(Collected data)
::::

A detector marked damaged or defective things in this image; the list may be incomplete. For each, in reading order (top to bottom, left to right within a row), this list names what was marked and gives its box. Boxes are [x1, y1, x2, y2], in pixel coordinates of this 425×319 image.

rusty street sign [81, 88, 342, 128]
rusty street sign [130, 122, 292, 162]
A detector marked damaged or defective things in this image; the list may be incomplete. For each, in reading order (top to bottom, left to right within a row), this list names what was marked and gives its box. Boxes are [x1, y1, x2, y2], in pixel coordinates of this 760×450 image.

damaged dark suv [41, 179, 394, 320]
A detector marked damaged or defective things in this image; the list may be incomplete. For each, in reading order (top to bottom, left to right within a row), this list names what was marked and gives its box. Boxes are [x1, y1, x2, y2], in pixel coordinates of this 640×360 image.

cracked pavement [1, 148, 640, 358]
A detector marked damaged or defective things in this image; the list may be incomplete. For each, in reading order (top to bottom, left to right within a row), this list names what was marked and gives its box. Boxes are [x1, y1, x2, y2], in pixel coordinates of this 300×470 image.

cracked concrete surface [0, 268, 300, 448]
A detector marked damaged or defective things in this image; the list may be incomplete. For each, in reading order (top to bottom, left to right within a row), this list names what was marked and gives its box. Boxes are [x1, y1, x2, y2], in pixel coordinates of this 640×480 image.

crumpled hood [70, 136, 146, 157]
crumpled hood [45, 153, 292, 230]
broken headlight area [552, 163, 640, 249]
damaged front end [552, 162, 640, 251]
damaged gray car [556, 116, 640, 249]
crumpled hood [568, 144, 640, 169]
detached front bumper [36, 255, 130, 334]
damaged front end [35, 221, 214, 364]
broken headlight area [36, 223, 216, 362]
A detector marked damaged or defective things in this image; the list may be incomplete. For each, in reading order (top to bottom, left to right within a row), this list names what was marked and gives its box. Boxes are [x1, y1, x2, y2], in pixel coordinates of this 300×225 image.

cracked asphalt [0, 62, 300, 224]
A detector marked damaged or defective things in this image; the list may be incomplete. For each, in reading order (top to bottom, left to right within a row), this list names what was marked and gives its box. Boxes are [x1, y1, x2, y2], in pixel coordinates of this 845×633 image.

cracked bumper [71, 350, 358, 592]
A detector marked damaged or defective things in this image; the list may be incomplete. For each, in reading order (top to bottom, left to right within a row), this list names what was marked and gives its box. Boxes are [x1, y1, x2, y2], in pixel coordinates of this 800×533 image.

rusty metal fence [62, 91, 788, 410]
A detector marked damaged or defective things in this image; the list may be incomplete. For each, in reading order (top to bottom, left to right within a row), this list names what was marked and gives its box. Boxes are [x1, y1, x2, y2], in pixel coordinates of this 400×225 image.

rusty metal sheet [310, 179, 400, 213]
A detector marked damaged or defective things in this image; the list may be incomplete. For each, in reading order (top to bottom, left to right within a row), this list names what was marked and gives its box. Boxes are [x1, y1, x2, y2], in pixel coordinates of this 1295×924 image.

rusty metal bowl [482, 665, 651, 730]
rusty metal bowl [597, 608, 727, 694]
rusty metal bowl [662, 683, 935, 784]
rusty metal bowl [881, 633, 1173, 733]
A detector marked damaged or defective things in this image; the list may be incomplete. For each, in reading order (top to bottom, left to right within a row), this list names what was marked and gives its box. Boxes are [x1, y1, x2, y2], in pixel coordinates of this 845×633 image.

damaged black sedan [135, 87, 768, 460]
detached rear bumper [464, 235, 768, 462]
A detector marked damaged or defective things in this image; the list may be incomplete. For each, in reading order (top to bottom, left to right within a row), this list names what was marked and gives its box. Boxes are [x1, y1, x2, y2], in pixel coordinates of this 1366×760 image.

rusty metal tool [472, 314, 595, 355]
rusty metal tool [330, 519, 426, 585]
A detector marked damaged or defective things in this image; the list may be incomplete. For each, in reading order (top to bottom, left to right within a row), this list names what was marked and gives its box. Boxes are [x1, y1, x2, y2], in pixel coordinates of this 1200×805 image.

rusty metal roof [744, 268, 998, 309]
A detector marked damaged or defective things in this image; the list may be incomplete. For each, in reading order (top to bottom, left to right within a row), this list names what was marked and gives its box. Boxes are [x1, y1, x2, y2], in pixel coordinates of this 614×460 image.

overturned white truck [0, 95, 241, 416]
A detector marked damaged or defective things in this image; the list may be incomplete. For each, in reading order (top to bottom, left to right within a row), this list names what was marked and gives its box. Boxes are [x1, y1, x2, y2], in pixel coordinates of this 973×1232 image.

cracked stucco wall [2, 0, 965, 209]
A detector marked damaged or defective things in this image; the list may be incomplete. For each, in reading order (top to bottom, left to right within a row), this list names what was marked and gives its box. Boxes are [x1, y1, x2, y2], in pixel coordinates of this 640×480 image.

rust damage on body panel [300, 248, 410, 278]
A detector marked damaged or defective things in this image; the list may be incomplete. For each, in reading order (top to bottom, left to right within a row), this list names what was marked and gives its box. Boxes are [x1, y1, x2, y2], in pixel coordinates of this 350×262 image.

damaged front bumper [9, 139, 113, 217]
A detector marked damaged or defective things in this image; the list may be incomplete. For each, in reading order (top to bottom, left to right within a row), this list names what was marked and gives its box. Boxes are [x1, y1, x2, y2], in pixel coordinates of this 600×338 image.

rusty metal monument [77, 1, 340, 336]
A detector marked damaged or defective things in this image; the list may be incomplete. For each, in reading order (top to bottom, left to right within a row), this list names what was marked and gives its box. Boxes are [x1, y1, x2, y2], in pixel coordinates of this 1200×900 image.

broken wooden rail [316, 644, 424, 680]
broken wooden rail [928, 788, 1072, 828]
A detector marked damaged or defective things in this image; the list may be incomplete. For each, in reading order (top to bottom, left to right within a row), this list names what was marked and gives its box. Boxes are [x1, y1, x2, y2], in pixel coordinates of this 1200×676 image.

::::

- To do -
Extract every line from the one containing "this 350×262 image." to the end of the entries, including both of those lines, exactly as given and with nothing added.

- Answer below -
A detector marked damaged or defective things in this image; the list may be incomplete. For each, in reading order (top to bottom, left to right within a row), this list names what was marked and gives its box. Boxes are [x1, y1, x2, y2], in pixel coordinates of this 350×262 image.

damaged front bumper [9, 139, 113, 217]
A detector marked damaged or defective things in this image; the list may be incomplete. For each, in reading order (top to bottom, left to right within a row), this list names what was marked and gives its box. Boxes are [x1, y1, x2, y2], in pixel coordinates of this 600×338 image.

rusty metal monument [77, 1, 340, 336]
A detector marked damaged or defective things in this image; the list may be incomplete. For each, in reading order (top to bottom, left to right within a row), this list names what was marked and gives its box. Boxes are [x1, y1, x2, y2], in pixel coordinates of this 1200×900 image.

broken wooden rail [316, 644, 424, 680]
broken wooden rail [928, 788, 1072, 828]
A detector marked damaged or defective things in this image; the list may be incomplete. For each, in reading order (top to bottom, left to right within a row), this list names what was marked and gives its box. Boxes are [x1, y1, x2, y2], in pixel coordinates of this 1200×676 image.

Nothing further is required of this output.